[Image-caption web data]
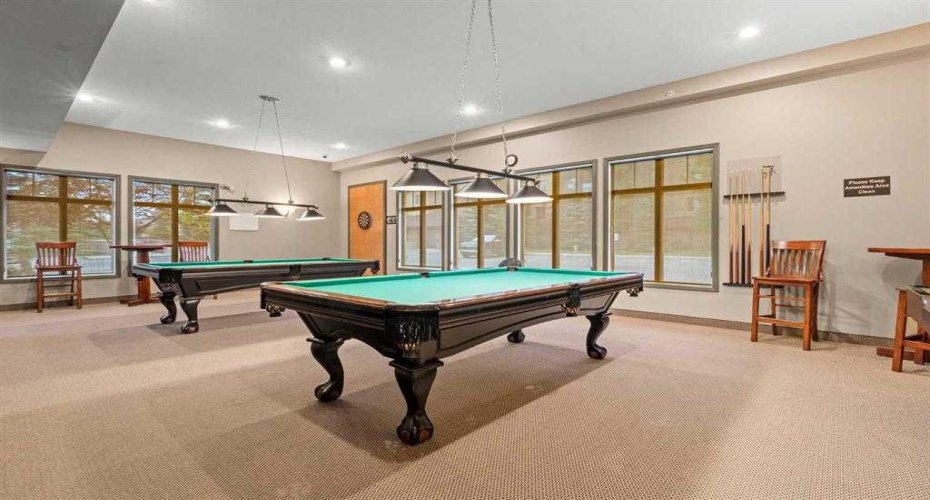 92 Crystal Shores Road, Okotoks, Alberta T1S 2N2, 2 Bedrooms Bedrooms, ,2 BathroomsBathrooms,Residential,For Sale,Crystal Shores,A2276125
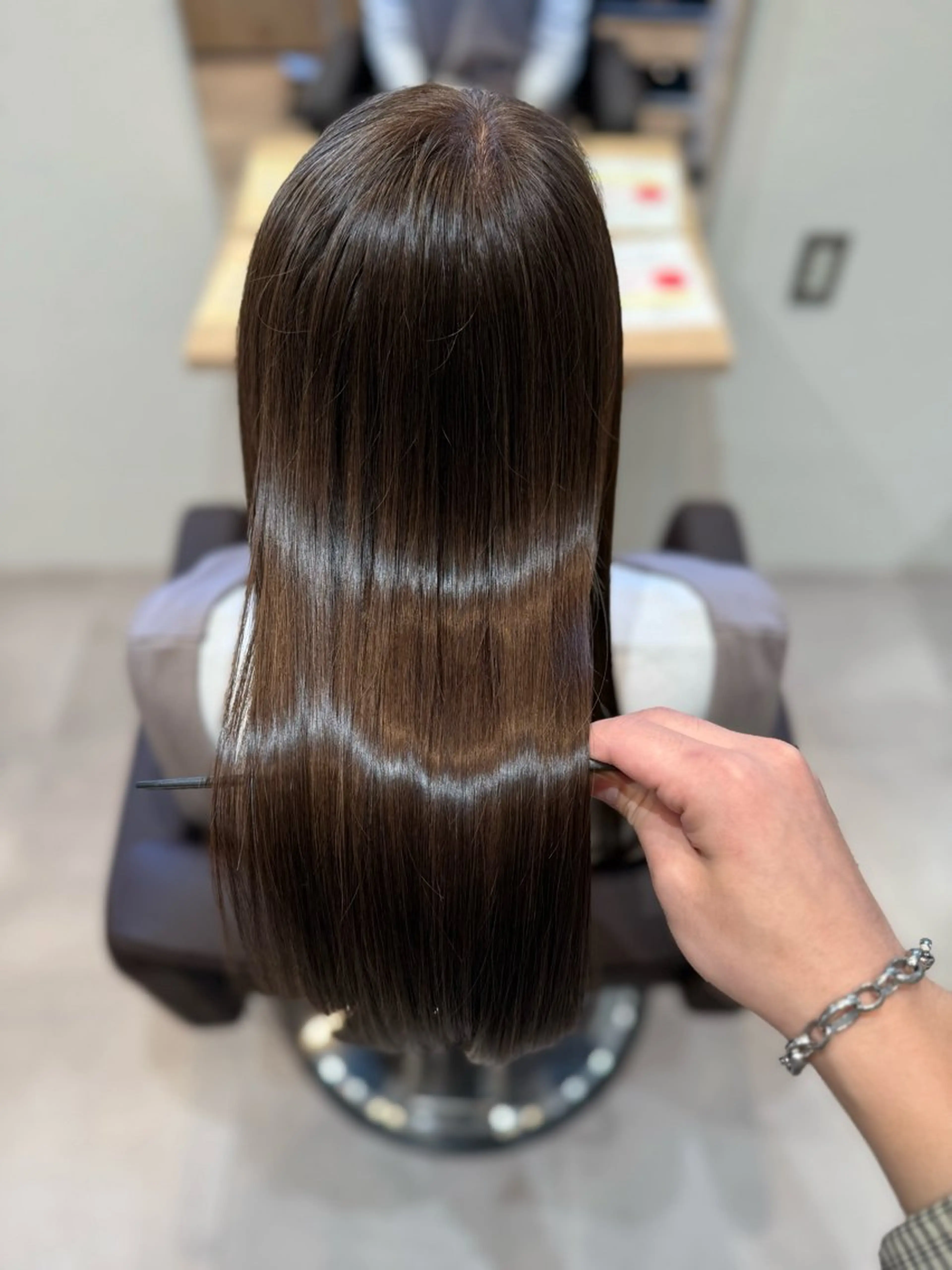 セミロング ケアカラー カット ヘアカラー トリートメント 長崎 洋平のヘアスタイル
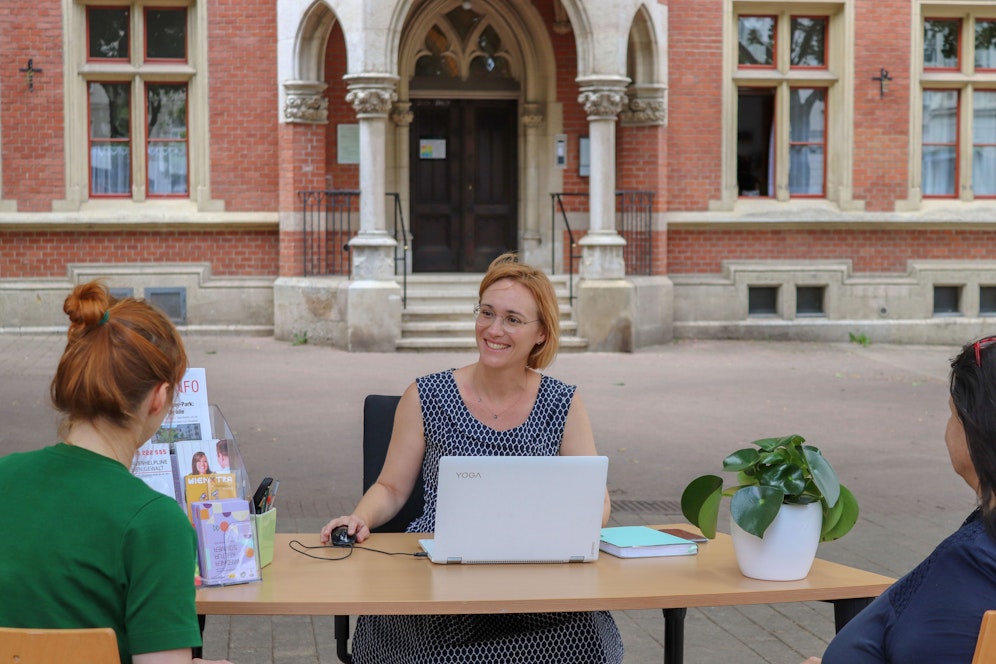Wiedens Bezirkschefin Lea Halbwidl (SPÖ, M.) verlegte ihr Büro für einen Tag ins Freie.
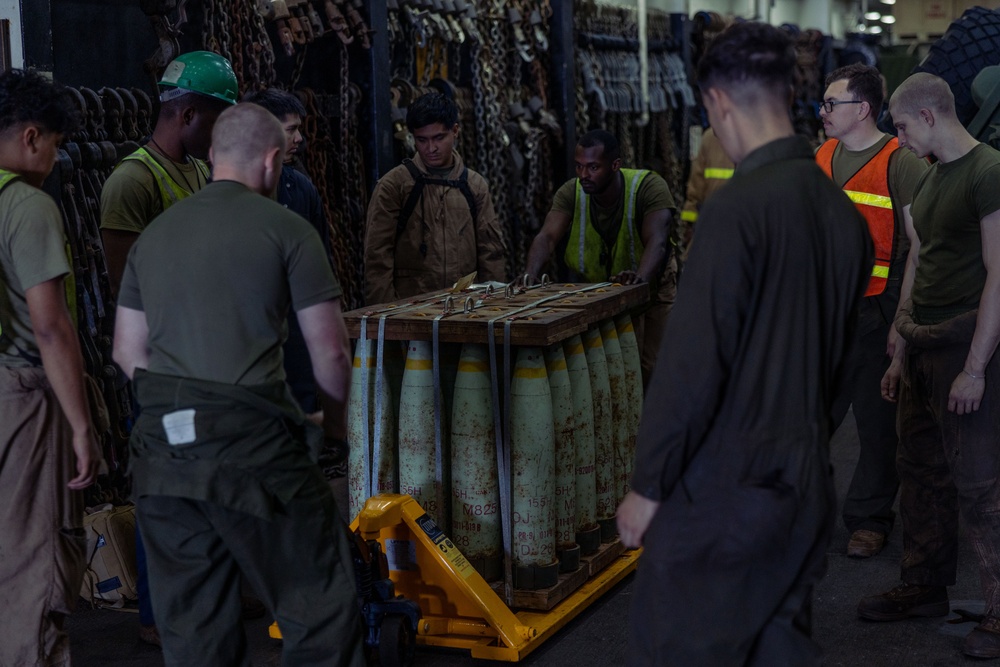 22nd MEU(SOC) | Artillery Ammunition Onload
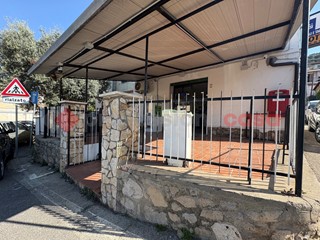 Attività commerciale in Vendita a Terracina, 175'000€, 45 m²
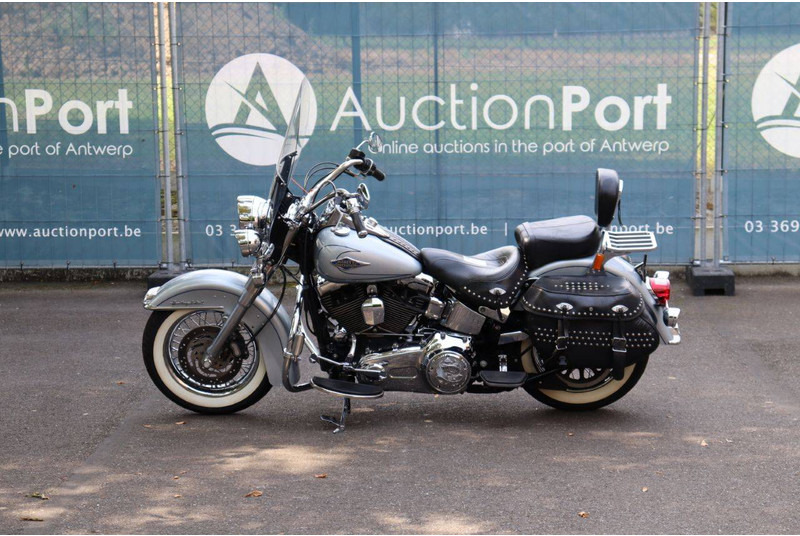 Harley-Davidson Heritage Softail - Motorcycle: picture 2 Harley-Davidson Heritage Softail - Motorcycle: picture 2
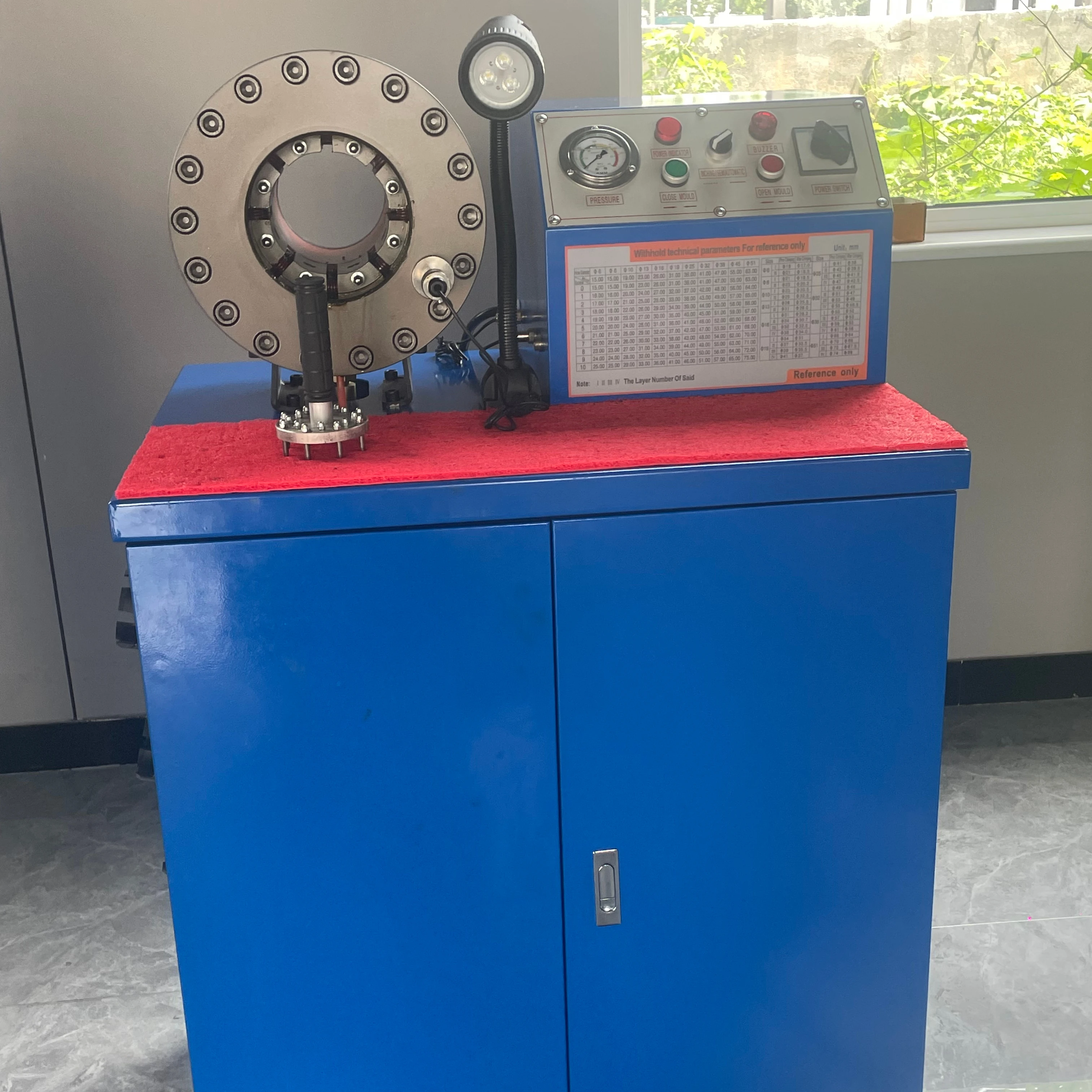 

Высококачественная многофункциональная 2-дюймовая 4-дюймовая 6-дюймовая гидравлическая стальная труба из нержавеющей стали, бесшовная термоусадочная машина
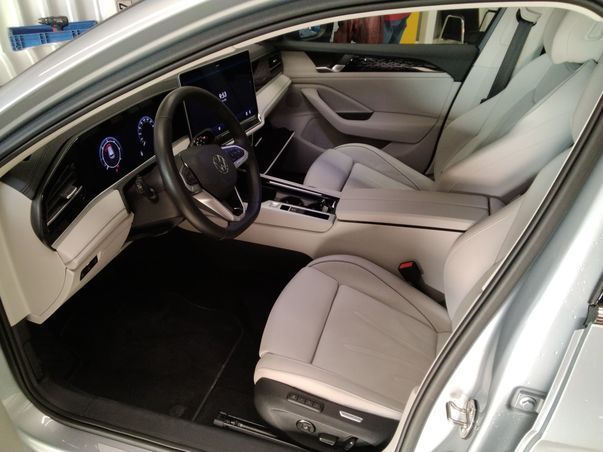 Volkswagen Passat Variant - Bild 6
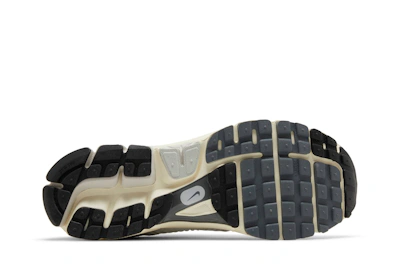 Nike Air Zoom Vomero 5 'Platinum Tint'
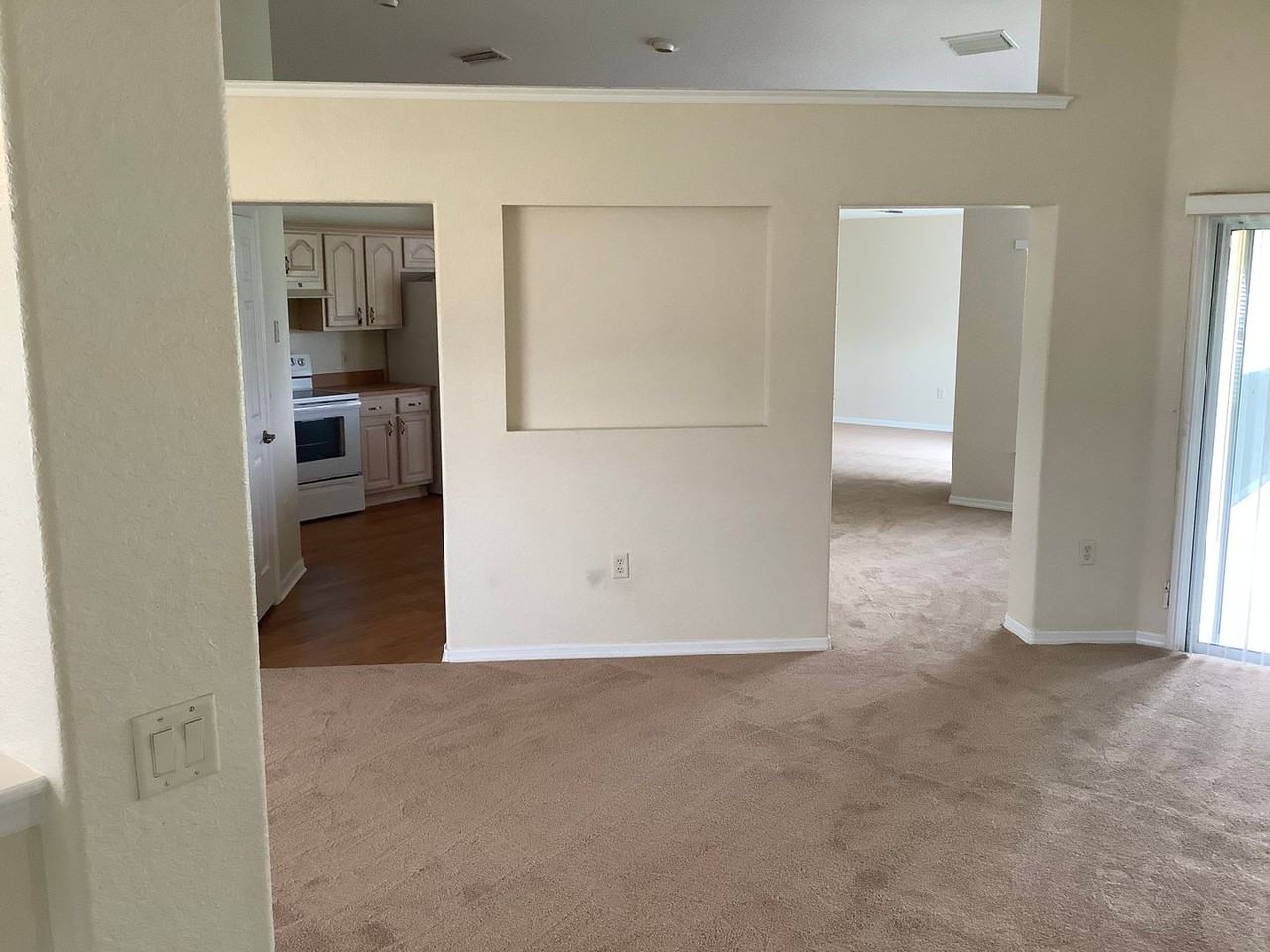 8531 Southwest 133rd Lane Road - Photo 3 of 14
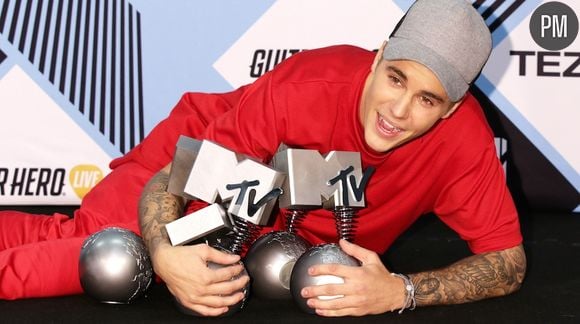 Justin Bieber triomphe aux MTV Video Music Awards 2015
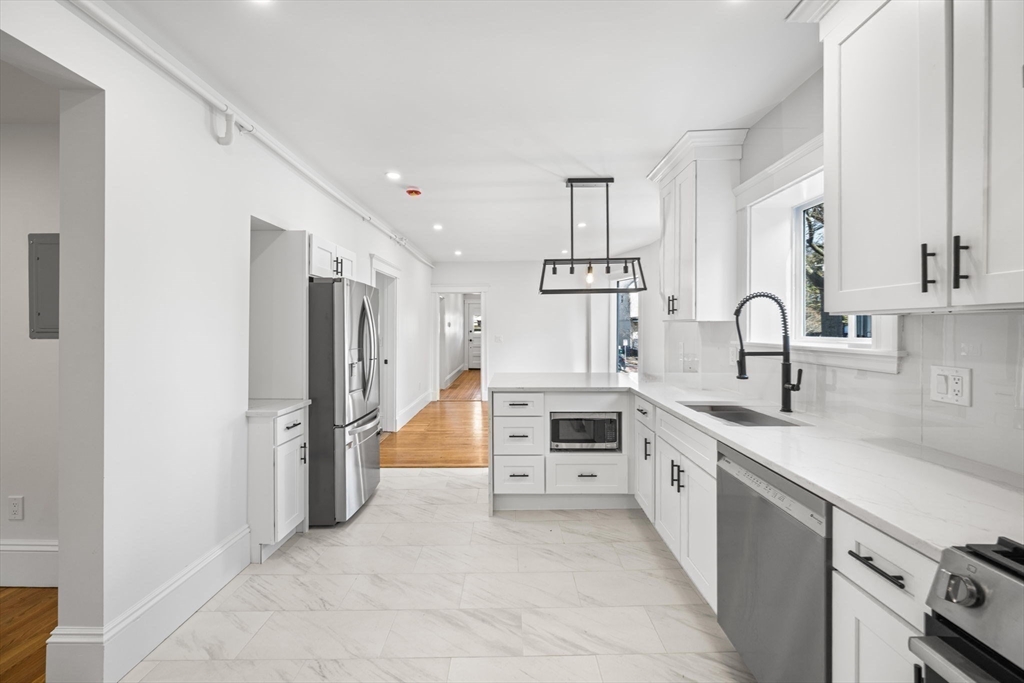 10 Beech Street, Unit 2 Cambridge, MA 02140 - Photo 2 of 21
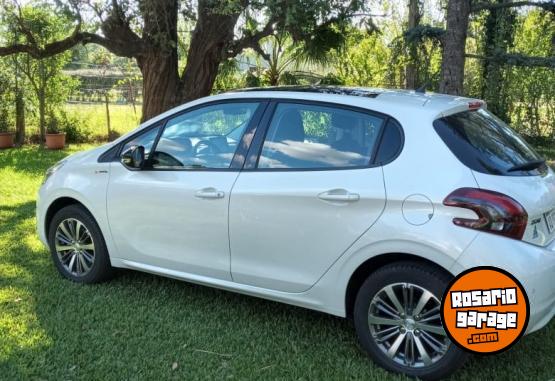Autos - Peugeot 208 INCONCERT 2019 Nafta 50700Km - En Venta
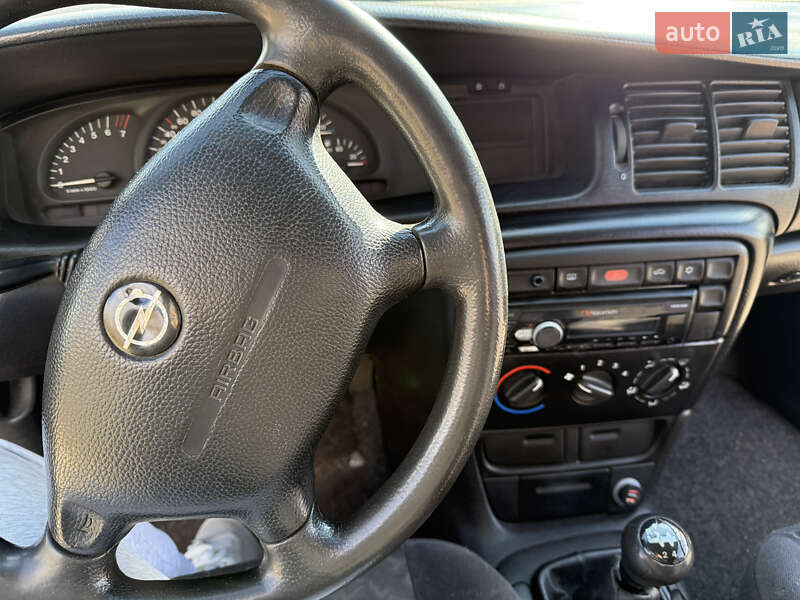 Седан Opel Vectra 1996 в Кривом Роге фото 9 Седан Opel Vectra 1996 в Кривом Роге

▶ Instructions for the task
Retype each record exactly as it stands, but do not include the pictures.

▶ Exercise answer
 92 Crystal Shores Road, Okotoks, Alberta T1S 2N2, 2 Bedrooms Bedrooms, ,2 BathroomsBathrooms,Residential,For Sale,Crystal Shores,A2276125
 セミロング ケアカラー カット ヘアカラー トリートメント 長崎 洋平のヘアスタイル
Wiedens Bezirkschefin Lea Halbwidl (SPÖ, M.) verlegte ihr Büro für einen Tag ins Freie.
 22nd MEU(SOC) | Artillery Ammunition Onload
 Attività commerciale in Vendita a Terracina, 175'000€, 45 m²
 Harley-Davidson Heritage Softail - Motorcycle: picture 2 Harley-Davidson Heritage Softail - Motorcycle: picture 2

Высококачественная многофункциональная 2-дюймовая 4-дюймовая 6-дюймовая гидравлическая стальная труба из нержавеющей стали, бесшовная термоусадочная машина
 Volkswagen Passat Variant - Bild 6
 Nike Air Zoom Vomero 5 'Platinum Tint'
 8531 Southwest 133rd Lane Road - Photo 3 of 14
 Justin Bieber triomphe aux MTV Video Music Awards 2015
 10 Beech Street, Unit 2 Cambridge, MA 02140 - Photo 2 of 21
Autos - Peugeot 208 INCONCERT 2019 Nafta 50700Km - En Venta
 Седан Opel Vectra 1996 в Кривом Роге фото 9 Седан Opel Vectra 1996 в Кривом Роге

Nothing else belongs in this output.